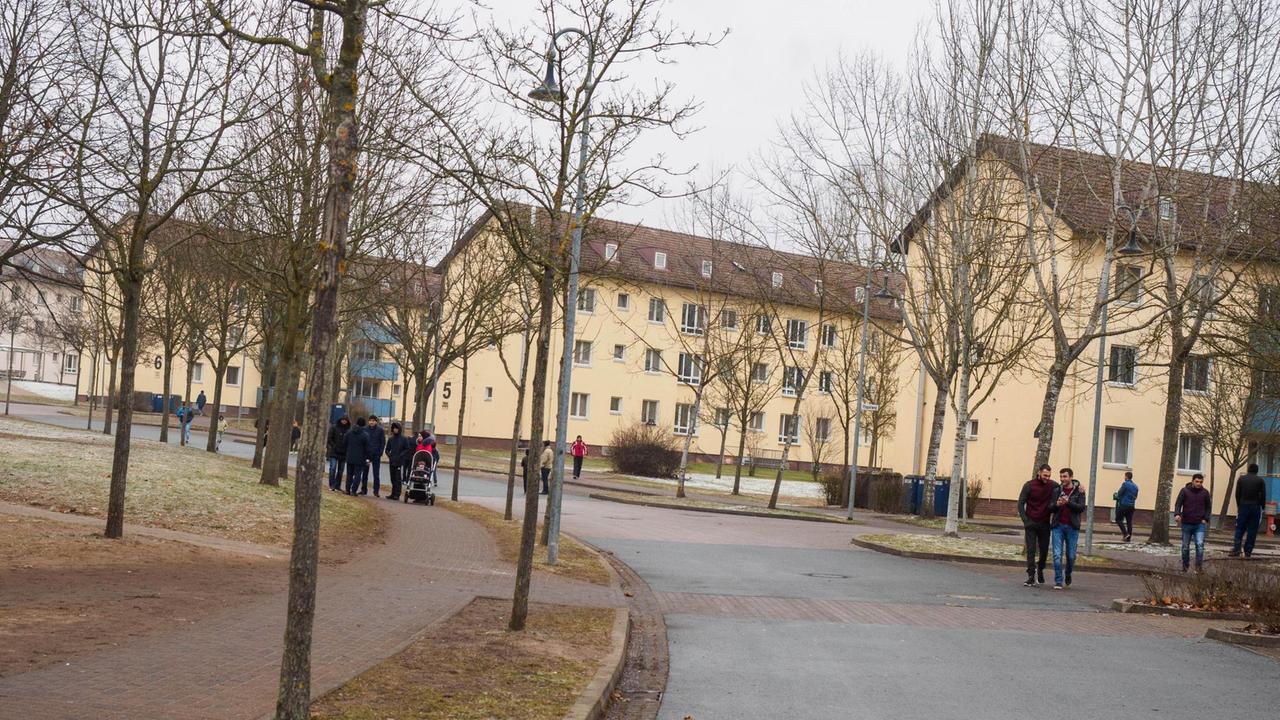 Wohnblocks der Aufnahmeeinrichtung Oberfranken in Bamberg Wohnblocks der Aufnahmeeinrichtung Oberfranken in Bamberg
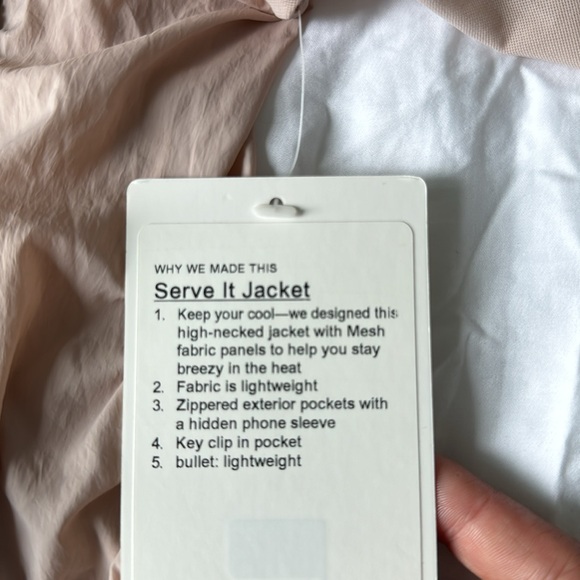 NWT Lululemon Serve It Jacket Windbreaker - Picture 5 of 7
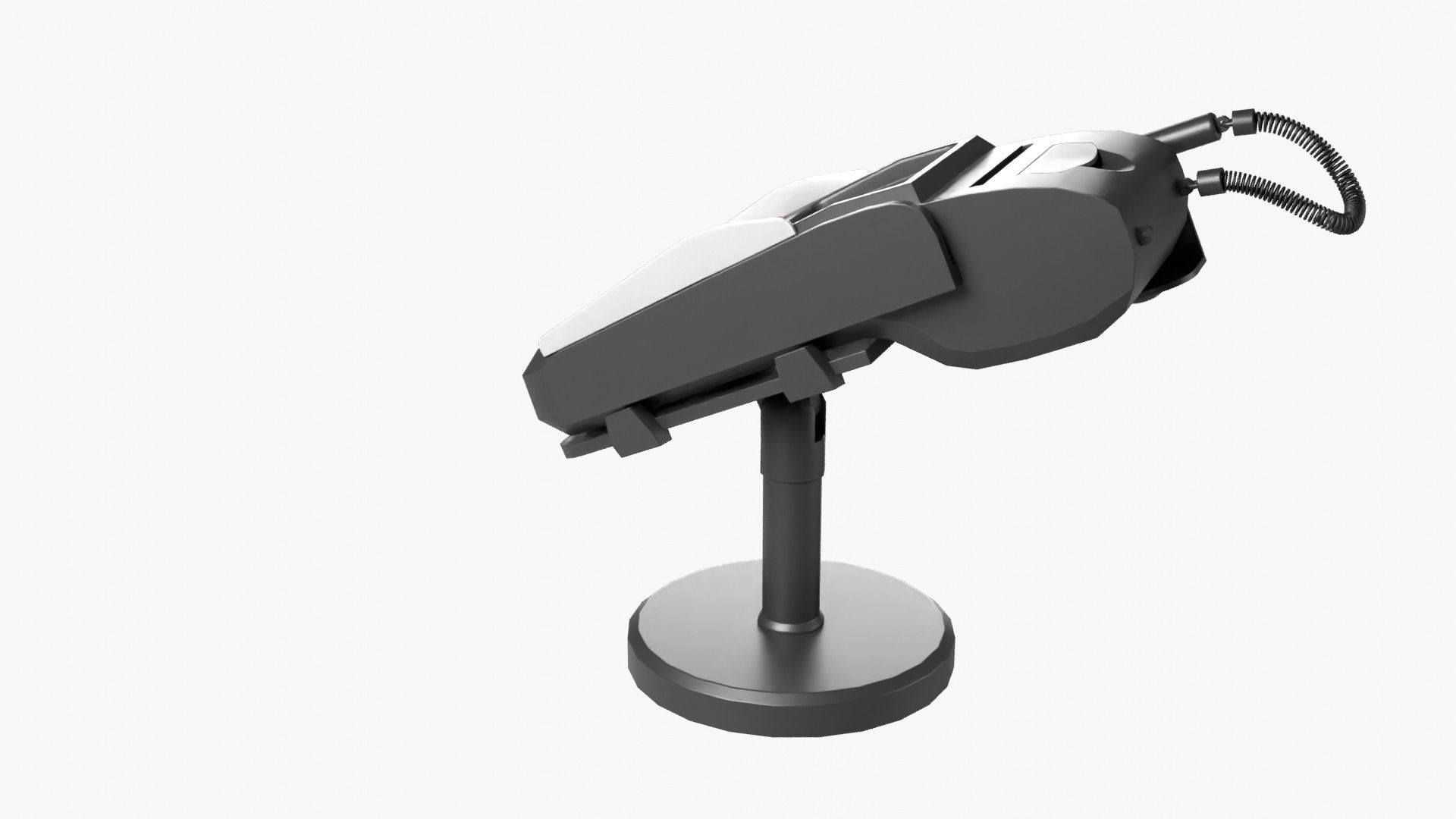 POS Payment Terminal Low-poly 3D model_5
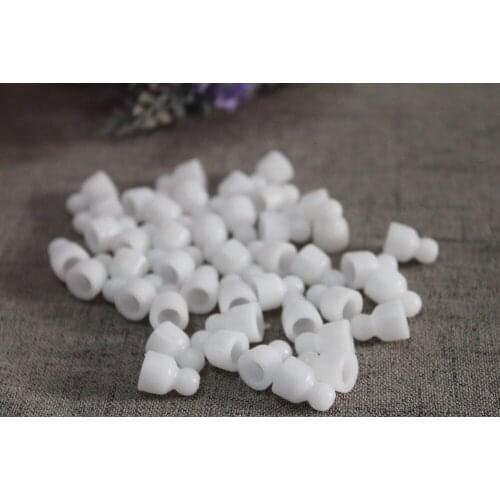 New style 9.5mm white plastic bulk skeleton toy joint accessories for diy plush doll (need Self assembly)-500pcs-1000pcs-option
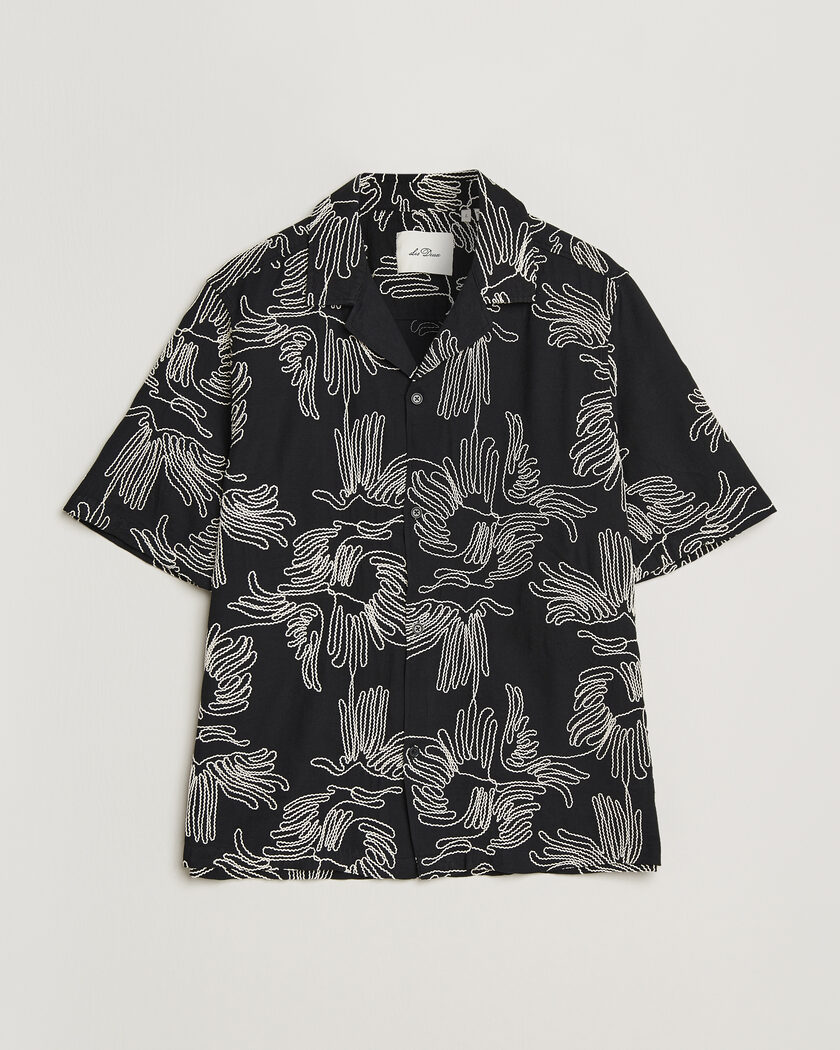 LES DEUX Liam AOE Flower Short Sleeve Shirt Black – Multi-colour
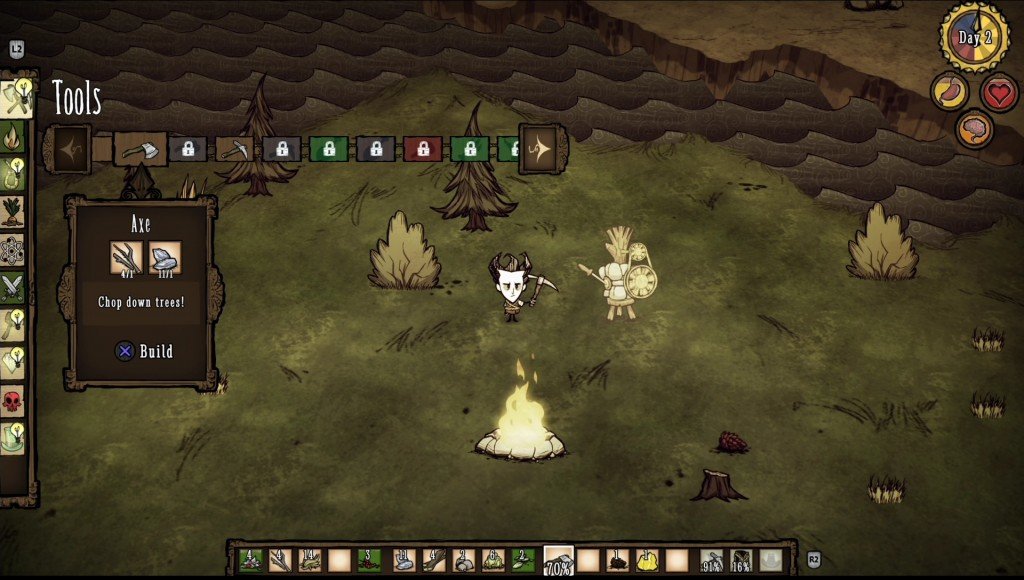 don't starve crafting gameplay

TO DO ->
Restate exactly, and only, the lines from the one that holds "New style 9.5mm" down to the last line of the material above. Omit the pictures.

TASK ANSWER ->
 New style 9.5mm white plastic bulk skeleton toy joint accessories for diy plush doll (need Self assembly)-500pcs-1000pcs-option
 LES DEUX Liam AOE Flower Short Sleeve Shirt Black – Multi-colour
 don't starve crafting gameplay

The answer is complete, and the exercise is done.